Wenn Schafe zählen nicht mehr hilft...

 

 

„Der Schlaf ist wie eine Taube: streckt man die Hand ruhig nach ihr aus,

setzt sie sich drauf, greift man nach ihr, fliegt sie weg.“ (Paul Dubois)

 



Ein gestörter Schlaf hat spürbare Konsequenzen für unsere Gesundheit und unser Wohlbefinden

Sie liegen seit Stunden im Bett, wälzen sich hin und her, weil sich einfach keine perfekte Schlafposition finden lässt. Die Uhr zeigt schon zwei und in nur vier Stunden klingelt bereits der Wecker. Doch Sie grübeln und grübeln.... dann schlafen Sie doch irgendwann ein, aber schrecken nur wenig später wieder hoch. Erst nach einer Weile schlummern Sie wieder ein. Nur gefühlte Minuten später reißt Sie schließlich der schrille Wecker aus dem kurzzeitigen, mit allen Mitteln errungenen Schlaf ....

 

Fast jeder von uns kennt das Gefühl, wenn man morgens erwacht und so müde und abgeschlagen ist, als hätte man die ganze Nacht kein Auge zugetan. Oder man versucht verzweifelt einzuschlafen, wird aber von sorgenvollen Gedanken daran gehindert. Wenn dies ab und zu vorkommt ist das kein Grund zur Sorge.

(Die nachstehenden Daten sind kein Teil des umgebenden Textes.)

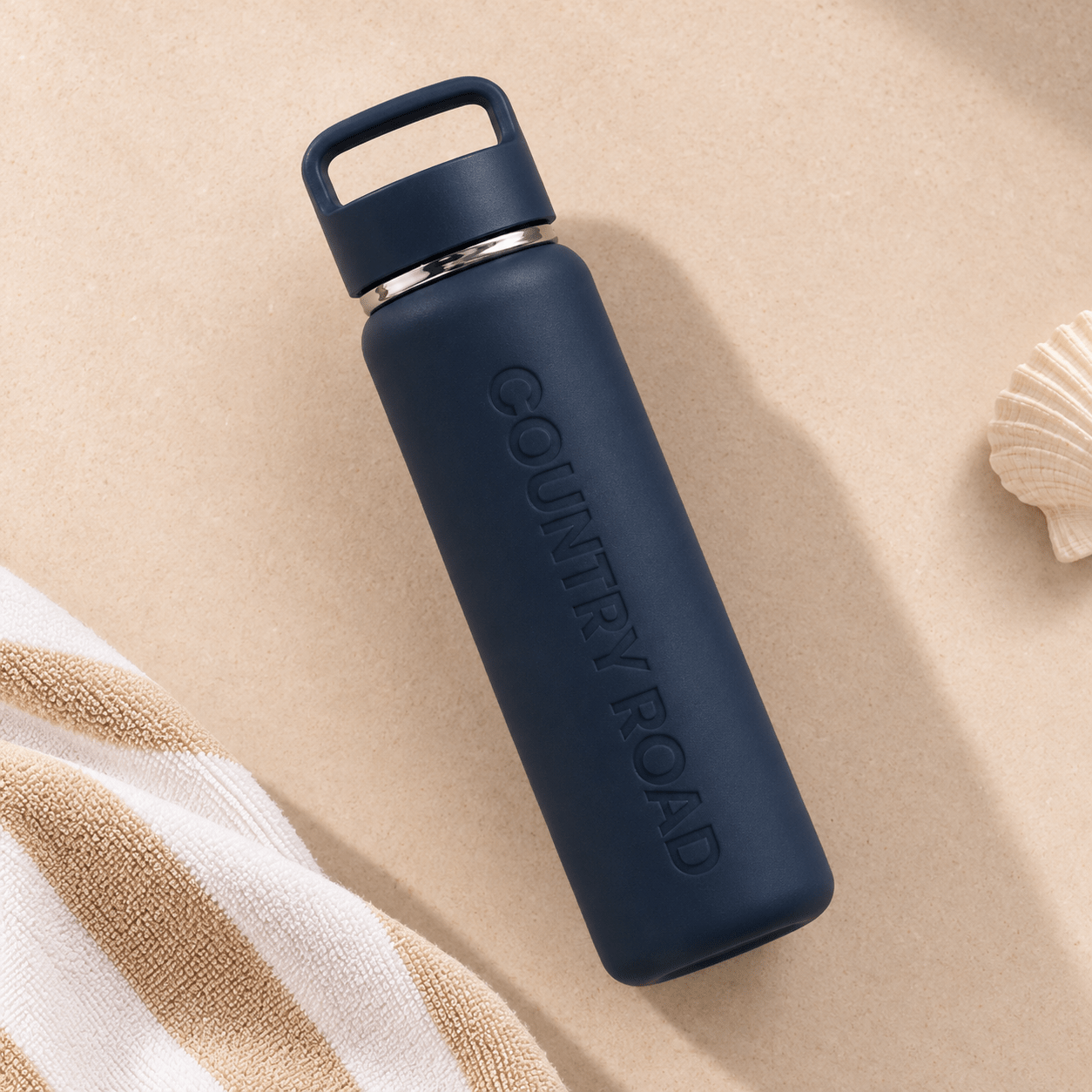 We Wander Coastal Luxe Beach Hamper - We Wander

Bedenklich wird es, wenn der Schlaf über einen längeren Zeitraum Probleme bereitet.

 

Fachleute sprechen dann von Schlafstörungen, wenn der Betroffene länger als einen Monat mindestens drei Mal pro Woche schlecht schläft, er tagsüber nicht leistungsfähig ist und sehr unter diesem Zustand leidet.

 


Welche Schlafstörungen gibt es?

Man kann grob vier Kategorien von Schlafstörungen unterscheiden:

  • Insomnien
    Dies ist die Bezeichnung für klassische Einschlaf- und Durchschlafstörungen, bzw. nicht erholsamen Schlaf.
  • Hypersomnien
    Probleme, tagsüber wach zu bleiben; ungewolltes Einschlafen am Tag trotz ausreichendem Nachtschlaf. 
  • Parasomnien
    Störungen die während des Schlafes auftreten, z.B. Albträume, Schlafwandeln, Zähneknirschen, Sprechen im Schlaf.
  • Störungen des Schlaf-Wach-Rhythmus
    Typisch hierfür sind Probleme zu "normalen" Zeiten schlafen zu können. (Tritt vorübergehend oft nach Fernreisen auf). 

 

Die moderne Schlafforschung geht davon aus, dass über die Hälfte der Schlafstörungen vermutlich seelische Ursachen hat. Auf der anderen Seite können auch organische Erkrankungen zu Schlafproblemen führen. 

  

Daher ist eine genaue Einzelfallbetrachtung mit anschließender Diagnose unerlässlich, um abzuklären, ob tatsächlich die Schlafstörung als primäres, eigenständiges Krankheitsbild zu behandeln ist.

 

 


Wie hilft hier die Hypnose?

Ich bitte Sie, vor Beginn einer Therapie, von dem Arzt Ihres Vertrauens ausschließen zu lassen, dass Ihre Schlafstörung organischen Ursprungs ist. Nur dann kann ich Sie mit der Hypnotherapie erfolgreich behandeln.

 

Bei der Therapie von seelisch bedingten Schlafstörungen steht immer der Grundkonflikt im  Vordergrund, der gelöst werden muss. Probleme, die zu stark belasten verhindern guten Schlaf. Werden sie verdrängt, fordern sie nachts ihre Aufmerksamkeit,  in Form von Gedankenkreisen oder Albträumen.

 

Meine Therapie ist so aufgebaut, dass im ersten Schritt während der Hypnose der Konflikt aufgedeckt und verarbeitet wird, damit so  die Notwendigkeit, problematische Themen in der Ruhe der Nacht „bearbeiten“ zu müssen, nicht länger besteht.

 

Der zweite Schritt besteht im wieder erlernen tiefster Entspannungszustände und die eigenständige Anwendung (Selbsthypnose) um Ihnen wieder zu einem gesunden, erholsamen Schlaf zu verhelfen.